Arcam‘s A2X 3D printer is a heavy-duty metal printer designed for aerospace and materials R&D applications. It’s capable of processing titanium alloys as well as other materials that require elevated temperatures – its build chamber can withstand temperatures of up to 1100ºC. In addition to being frequently used within the aerospace industry, the A2X is also popular in universities and research institutions. Now Arcam, a GE Additive company, has decided to open up the A2X’s development mode to universities and academic institutes at no cost for material and EBM process development.
“For many years Electron beam melting (EBM) and the Arcam A2X has been a go-to system for academic researchers in materials science,” said Isak Elfström, Vice President, Research at Arcam EBM. “We enjoy a close working relationship with the academic community and the twenty universities and institutes currently using it. One thing we hear regularly is that faculty and students are hungry to push the boundaries of their field and fulfil the potential of additive.
“That is music to our ears. Arcam’s own roots are in academia with the Chalmers University of Technology in Gothenburg. So, we know first-hand all the benefits and potential of a close working relationship between industry and academia. That is why we’ve decided to further open up the A2X system’s development mode for material and process development, at no cost, for universities all over the world.”
What this means is that academic institutions currently using the A2X can contact Arcam for a special hardware key that is connected to a specific machine and nominated person. After a review and assessment of training needs, the keys, which will unlock the development setting on the system, will be delivered this November. This will allow researchers to access a wider range of parameters and develop new materials and processes. The key does not unlock the system’s security features, however.

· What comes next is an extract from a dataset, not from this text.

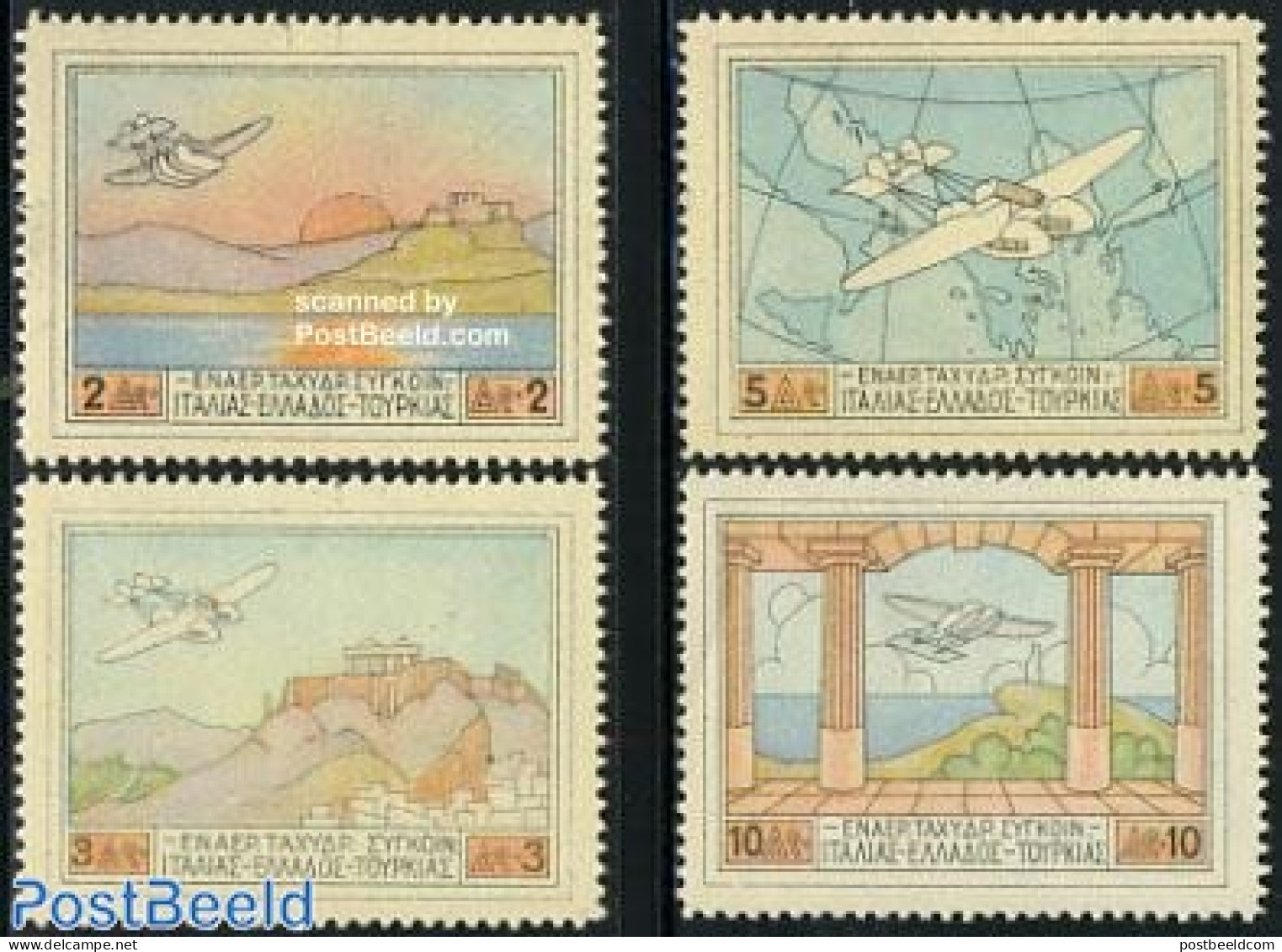 Greece 1926 Airmail 4v, Mint NH, History - Transport - Various - Europa Hang-on Issues - Aircraft & Aviation - Maps - Ongebruikt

“We see this as a first step in giving our customers in academia the possibility to customize how materials are melted and the Arcam team will work together with them to further enable process, sensor and hardware customization to unlock the true potential of the EBM technology,” said Elfström.
Universities and research institutions not currently using A2X are being offered 10 systems with special pricing. Currently, the system is being used in 13 universities and 7 institutes across North America, Europe and Asia for some groundbreaking research projects. For example, Oak Ridge National Laboratory (ORNL) has been using the A2X to show that EBM techology is capable of controlling the resulting microstructure with high precision within a component. The University of Erlangen-Nuremberg, meanwhile, has used an earlier version of the A2X platform to build a full-length single crystal CMSX-4.
“We have only just scratched the surface of what is possible with EBM technology,” Elfström said. “With this initiative we hope to further encourage our academia customers to join us in exploring and showing the possibilities with this technology and in doing so influence our product development in the mid to long-term. By opening up the A2X we also want to empower and inspire the next generation of engineers and materials scientists to fulfil the potential of additive. By removing constraints and barriers to make additive technology platforms and parameters as open as possible, we want these smart minds to think even more laterally, around corners and invent and innovate.”